A Chambéry, le procès se déroulera au sein d'un petit palais de justice qui n'a jamais abrité une audience de telle ampleur et autour de laquelle un important dispositif policier est prévu. L'apparition en public du suspect, dont on ne connaît que quelques photographies privées, cristallisera l'attention.
Au terme des débats, le jury devra répondre à plusieurs questions, dont une principale: celle de la qualification pénale des circonstances de la mort d'Arthur Noyer.
La Préméditation écartée du dossier par les enquêteurs
Nordahl Lelandais a-t-il donné des coups violents sans avoir voulu tuer, comme il l'a reconnu ? L'a-t-il battu à mort en connaissance de cause ? Ce qui caractériserait un homicide volontaire, chef pour lequel il est jugé, passible de 30 ans de réclusion criminelle.
La préméditation, qui ferait de Nordahl Lelandais un assassin -mot toujours utilisé par la famille Noyer- avait été retenue lors de sa mise en examen. Mais elle a ensuite été exclue par les juges d'instruction, qui n'ont vu aucune pièce du dossier qui pourrait accréditer cette qualification.
La seconde question est celle d'un éventuel mobile.
Le soir du mardi 11 avril 2017, le caporal Arthur Noyer, 23 ans, participe à une fête arrosée au Carré Curial, épicentre des nuits chambériennes, avec des camarades du 13e Bataillon de chasseurs alpins.
Dans le même temps, Nordahl Lelandais circule à proximité avec son Audi grise, celle qui permettra aux enquêteurs de faire le lien avec l'affaire Maëlys. Pour les juges d'instruction, Nordahl Lelandais était ce soir-là en recherche de relation sexuelle, une partenaire occasionnelle l'ayant préalablement éconduit.

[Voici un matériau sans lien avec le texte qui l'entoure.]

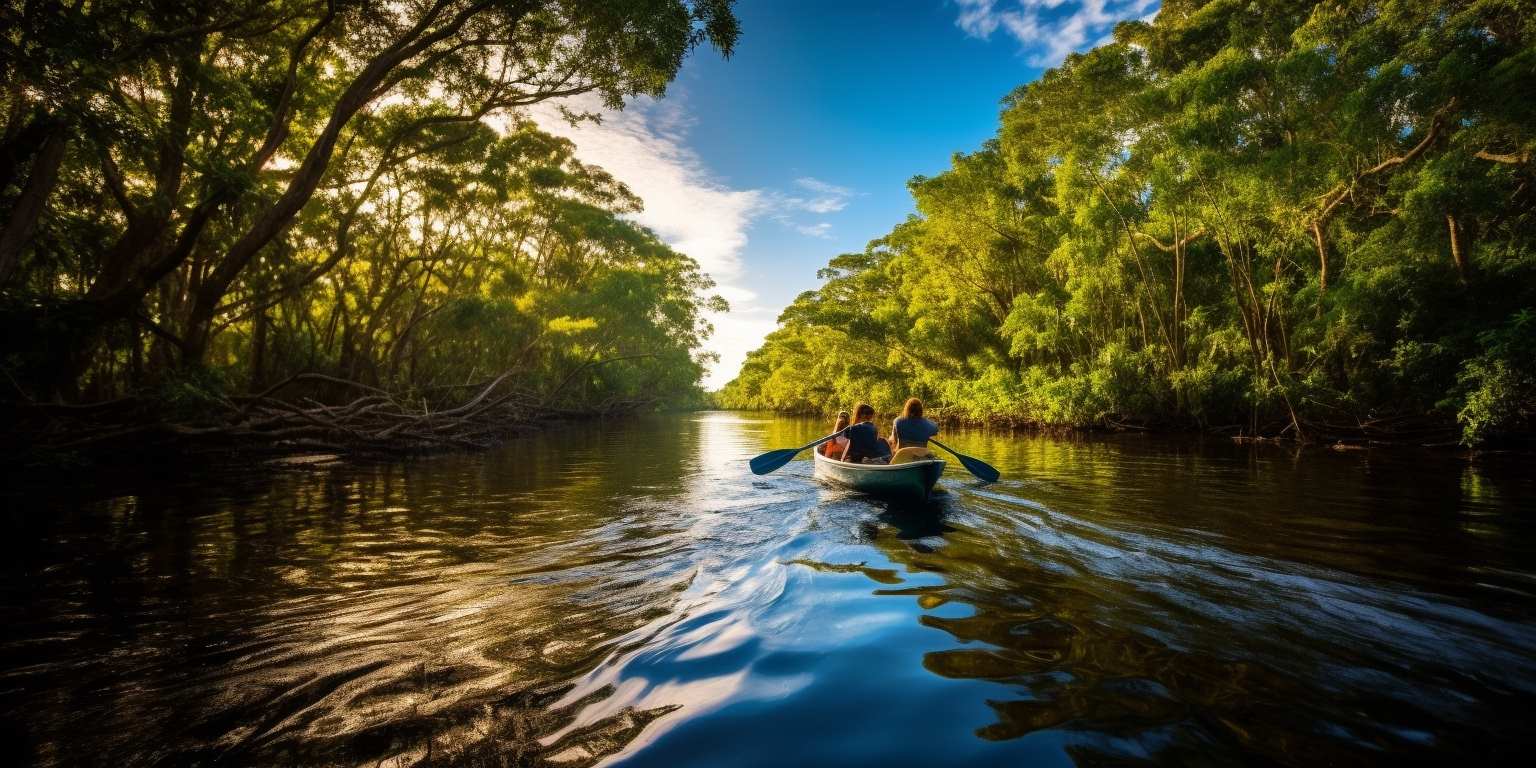 Explorarea Noosa: Croazieră de explorare a Everglades Explorer cu canoe opțional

Les magistrats souhaitent un procès digne
Se qualifiant lui-même d'impulsif et intolérant à la frustration, l'accusé raconte qu'il aurait pris en stop le caporal, alors ivre. Au moment de le déposer sur un parking dans l'agglomération de Chambéry, une bagarre aurait éclaté avec le militaire, qui aurait, selon l'accusé, porté au moins le premier coup.
Le motif de la bagarre a-t-il trait à une sollicitation sexuelle ? Le témoignage changeant d'un codétenu va dans ce sens, vivement contesté par la défense et démenti par Nordahl Lelandais.
Quatre ans après les faits, les parents d'Arthur Noyer se disent «prêts» à cette «épreuve supplémentaire». «On attend que justice soit faite», ont-ils déclaré vendredi devant la presse. Le même jour, leur conseil, Bernard Boulloud, a réclamé «sérénité et apaisement» pour le procès.
Face aux attentes, aux fantasmes et aux questions lancinantes, les magistrats de Chambéry le répètent : Nordahl Lelandais doit pouvoir bénéficier d'un procès digne, loin des soupçons de meurtres en série dont il fait régulièrement l'objet.
Cette théorie, soulevée par le procureur lors de sa mise en examen en décembre 2017 dans l'affaire Noyer, a été reprise par la gendarmerie, qui lance en 2018 la cellule Ariane. Celle-ci épluchera quelque 900 dossiers de disparus, ensuite réduits à une quarantaine, pour tenter de découvrir de possibles liens avec l'ancien maître-chien militaire. Mais sans succès pour l'heure. Elle est dissoute en octobre 2020, quand une «division cold case» voit le jour.